- Task:
Set down, exactly as written, every line from the top of the records below to the line containing "儿歌小花猫教案 小班语言活动方案(优秀10篇)", both ends included, and no others.

- Dataset records:
================================
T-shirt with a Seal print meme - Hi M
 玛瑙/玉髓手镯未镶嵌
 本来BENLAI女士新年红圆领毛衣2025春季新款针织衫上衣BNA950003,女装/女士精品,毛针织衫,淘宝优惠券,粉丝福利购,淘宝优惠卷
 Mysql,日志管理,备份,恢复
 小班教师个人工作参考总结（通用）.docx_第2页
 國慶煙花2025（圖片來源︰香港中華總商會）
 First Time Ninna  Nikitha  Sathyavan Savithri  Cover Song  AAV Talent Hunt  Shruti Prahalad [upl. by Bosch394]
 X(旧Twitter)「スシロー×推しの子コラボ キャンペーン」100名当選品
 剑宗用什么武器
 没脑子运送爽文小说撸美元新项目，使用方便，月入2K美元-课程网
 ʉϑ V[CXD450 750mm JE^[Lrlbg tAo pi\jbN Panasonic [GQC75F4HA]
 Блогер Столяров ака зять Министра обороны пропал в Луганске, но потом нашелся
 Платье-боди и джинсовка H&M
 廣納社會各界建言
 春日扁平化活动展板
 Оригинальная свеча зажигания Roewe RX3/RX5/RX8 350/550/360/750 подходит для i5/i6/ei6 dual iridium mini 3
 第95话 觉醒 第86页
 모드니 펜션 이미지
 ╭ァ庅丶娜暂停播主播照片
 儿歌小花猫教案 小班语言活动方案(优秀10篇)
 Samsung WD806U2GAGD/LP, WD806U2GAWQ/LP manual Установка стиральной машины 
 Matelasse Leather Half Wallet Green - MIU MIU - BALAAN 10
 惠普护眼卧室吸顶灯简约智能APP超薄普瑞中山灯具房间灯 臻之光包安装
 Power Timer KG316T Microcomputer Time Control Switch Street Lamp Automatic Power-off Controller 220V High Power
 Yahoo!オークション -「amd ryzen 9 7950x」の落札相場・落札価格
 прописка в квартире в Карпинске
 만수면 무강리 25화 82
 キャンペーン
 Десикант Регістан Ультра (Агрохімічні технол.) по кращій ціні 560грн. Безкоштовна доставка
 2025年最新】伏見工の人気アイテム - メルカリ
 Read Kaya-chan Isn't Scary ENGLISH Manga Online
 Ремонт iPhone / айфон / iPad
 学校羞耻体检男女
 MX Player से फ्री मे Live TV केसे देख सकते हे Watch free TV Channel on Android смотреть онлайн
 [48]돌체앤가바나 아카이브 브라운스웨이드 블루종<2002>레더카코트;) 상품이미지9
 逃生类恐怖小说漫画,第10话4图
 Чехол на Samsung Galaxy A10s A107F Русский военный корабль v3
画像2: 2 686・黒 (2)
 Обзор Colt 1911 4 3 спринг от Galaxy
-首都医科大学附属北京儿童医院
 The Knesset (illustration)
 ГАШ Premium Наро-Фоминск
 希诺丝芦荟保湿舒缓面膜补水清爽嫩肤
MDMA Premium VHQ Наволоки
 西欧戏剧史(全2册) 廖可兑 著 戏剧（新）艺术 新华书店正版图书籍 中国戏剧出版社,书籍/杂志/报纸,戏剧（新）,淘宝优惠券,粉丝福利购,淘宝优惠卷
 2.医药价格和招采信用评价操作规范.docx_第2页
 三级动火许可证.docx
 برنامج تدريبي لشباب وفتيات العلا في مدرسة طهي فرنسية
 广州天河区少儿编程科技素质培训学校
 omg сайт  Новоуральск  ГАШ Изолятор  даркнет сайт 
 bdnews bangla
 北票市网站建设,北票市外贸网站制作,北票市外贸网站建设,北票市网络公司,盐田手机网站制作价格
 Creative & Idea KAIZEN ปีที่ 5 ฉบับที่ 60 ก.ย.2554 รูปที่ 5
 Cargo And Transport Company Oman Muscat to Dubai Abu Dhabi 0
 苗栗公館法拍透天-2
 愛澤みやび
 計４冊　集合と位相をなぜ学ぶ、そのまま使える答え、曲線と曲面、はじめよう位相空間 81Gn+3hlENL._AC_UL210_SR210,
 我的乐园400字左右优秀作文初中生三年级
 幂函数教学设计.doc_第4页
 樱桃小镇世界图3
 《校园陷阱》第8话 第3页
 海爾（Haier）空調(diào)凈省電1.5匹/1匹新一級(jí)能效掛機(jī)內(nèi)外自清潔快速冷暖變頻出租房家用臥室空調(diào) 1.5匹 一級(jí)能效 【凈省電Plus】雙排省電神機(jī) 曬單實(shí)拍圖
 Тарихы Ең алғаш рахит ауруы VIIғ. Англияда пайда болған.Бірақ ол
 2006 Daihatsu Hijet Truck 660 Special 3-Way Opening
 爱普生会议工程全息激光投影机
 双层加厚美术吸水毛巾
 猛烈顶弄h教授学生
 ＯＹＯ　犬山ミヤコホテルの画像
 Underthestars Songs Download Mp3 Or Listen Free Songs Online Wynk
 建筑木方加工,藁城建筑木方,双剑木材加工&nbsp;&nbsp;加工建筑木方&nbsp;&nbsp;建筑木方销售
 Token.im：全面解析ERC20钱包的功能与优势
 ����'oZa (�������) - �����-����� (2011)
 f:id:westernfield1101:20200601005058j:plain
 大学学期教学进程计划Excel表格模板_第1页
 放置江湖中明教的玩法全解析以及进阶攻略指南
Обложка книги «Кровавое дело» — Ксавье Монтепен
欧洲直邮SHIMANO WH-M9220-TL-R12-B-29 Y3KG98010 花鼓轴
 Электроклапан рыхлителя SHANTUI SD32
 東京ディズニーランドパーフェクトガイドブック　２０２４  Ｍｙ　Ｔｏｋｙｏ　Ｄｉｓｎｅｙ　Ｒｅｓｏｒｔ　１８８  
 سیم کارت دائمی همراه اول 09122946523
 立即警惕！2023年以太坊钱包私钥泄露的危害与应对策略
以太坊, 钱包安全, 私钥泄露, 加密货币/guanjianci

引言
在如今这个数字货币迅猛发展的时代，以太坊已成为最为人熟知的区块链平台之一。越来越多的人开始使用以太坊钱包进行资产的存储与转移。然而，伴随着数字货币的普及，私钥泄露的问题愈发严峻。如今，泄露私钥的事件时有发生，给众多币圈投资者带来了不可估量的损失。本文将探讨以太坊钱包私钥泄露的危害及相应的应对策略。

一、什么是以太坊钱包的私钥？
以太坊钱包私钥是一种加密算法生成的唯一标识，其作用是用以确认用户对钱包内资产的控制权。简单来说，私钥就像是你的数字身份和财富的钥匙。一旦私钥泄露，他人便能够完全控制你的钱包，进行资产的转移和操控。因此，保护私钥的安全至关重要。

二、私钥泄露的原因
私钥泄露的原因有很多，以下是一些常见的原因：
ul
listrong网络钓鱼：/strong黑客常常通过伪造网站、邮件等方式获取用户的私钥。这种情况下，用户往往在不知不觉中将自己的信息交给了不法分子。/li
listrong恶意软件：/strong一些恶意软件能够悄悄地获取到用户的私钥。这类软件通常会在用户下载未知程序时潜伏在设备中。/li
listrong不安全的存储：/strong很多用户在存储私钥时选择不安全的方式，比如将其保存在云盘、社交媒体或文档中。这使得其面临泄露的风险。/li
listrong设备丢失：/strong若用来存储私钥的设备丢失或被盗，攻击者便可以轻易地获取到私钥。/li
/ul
================================
- Output:
T-shirt with a Seal print meme - Hi M
 玛瑙/玉髓手镯未镶嵌
 本来BENLAI女士新年红圆领毛衣2025春季新款针织衫上衣BNA950003,女装/女士精品,毛针织衫,淘宝优惠券,粉丝福利购,淘宝优惠卷
 Mysql,日志管理,备份,恢复
 小班教师个人工作参考总结（通用）.docx_第2页
 國慶煙花2025（圖片來源︰香港中華總商會）
 First Time Ninna  Nikitha  Sathyavan Savithri  Cover Song  AAV Talent Hunt  Shruti Prahalad [upl. by Bosch394]
 X(旧Twitter)「スシロー×推しの子コラボ キャンペーン」100名当選品
 剑宗用什么武器
 没脑子运送爽文小说撸美元新项目，使用方便，月入2K美元-课程网
 ʉϑ V[CXD450 750mm JE^[Lrlbg tAo pi\jbN Panasonic [GQC75F4HA]
 Блогер Столяров ака зять Министра обороны пропал в Луганске, но потом нашелся
 Платье-боди и джинсовка H&M
 廣納社會各界建言
 春日扁平化活动展板
 Оригинальная свеча зажигания Roewe RX3/RX5/RX8 350/550/360/750 подходит для i5/i6/ei6 dual iridium mini 3
 第95话 觉醒 第86页
 모드니 펜션 이미지
 ╭ァ庅丶娜暂停播主播照片
 儿歌小花猫教案 小班语言活动方案(优秀10篇)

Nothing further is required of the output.